Note that a subsequent call to splishsplash_simulator.run() with the same input arguments would create a new, distinct task:

task2 = splishsplash_simulator.run(input_dir="splishsplash-input-example",
                                  sim_config_filename="config.json",
                                  on=machine_group)
print (task2.id)
# Example output: k9muu1vq1fc6m2oyxm0n3n8y0

machine_group.terminate()

Each Task is identified by a unique alphanumeric identifier. While you can instantiate multiple Task objects pointing to the same task using this identifier, this does not duplicate the task on the API. These objects refer to the same underlying task. This mechanism is useful when you want to recreate a Task object to retrieve information about tasks you created in previous sessions:

>>> import inductiva
>>>
>>> task1 = inductiva.tasks.Task("i4ir3kvv62odsfrhko4y8w2an")
>>> task2 = inductiva.tasks.Task("i4ir3kvv62odsfrhko4y8w2an")
>>> print(id(task1))
4410160112
>>> print(id(task2))
4389863104
>>> print(task1.id)
i4ir3kvv62odsfrhko4y8w2an
>>> print(task2.id)
i4ir3kvv62odsfrhko4y8w2an # Outputs the same task ID as task1.id

Task Execution#

Tasks run asynchronously by default, enabling you to continue interacting with the API without interrupting your code in the background, even as tasks run or are queued for execution. This asynchronous model also allows for batch submissions within a single session without waiting for each to complete, with the API efficiently distributing them across available computational resources for parallel processing.
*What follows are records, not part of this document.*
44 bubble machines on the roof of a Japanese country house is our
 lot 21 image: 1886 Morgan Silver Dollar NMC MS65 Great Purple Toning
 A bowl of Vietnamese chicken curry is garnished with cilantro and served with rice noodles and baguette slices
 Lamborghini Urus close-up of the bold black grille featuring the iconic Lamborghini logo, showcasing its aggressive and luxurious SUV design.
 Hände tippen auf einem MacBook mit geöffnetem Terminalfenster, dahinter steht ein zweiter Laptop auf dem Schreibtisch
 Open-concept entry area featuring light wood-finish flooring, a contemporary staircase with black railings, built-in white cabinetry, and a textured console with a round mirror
You can configure how to wait for the task to end by either using the wait method or the sync_context manager.

wait

You can turn a task into a blocking call by using the wait method. This method will block the call, allowing your script to wait until the task comes to a terminal status without affecting the remote simulation if it were locally interrupted (ex. the script is abruptly terminated).

This is useful when you want to wait for the completion of a task before proceeding with some other operation (ex. downloading the output files):

# Block the call until the simulation completes
task.wait()  # <- The remote simulation WILL NOT DIE if the local session is
             #    interrupted while waiting for the wait() call to return

sync_context

Alternatively, you can use the sync_context manager to ensure the remote simulation terminates if your local session is interrupted while waiting for the wait call to return (e.g., through a Ctrl+C command):

# Block the call until the simulation completes
with task.sync_context():
    task.wait()  # <- The remote simulation WILL DIE if the local session is
                 #     interrupted while waiting for the wait() call to return

Task Lifecycle#

The status of a task changes as it progresses through its lifecycle. Understanding these states is crucial if you want to track a task’s progress through the API and manage your simulations effectively.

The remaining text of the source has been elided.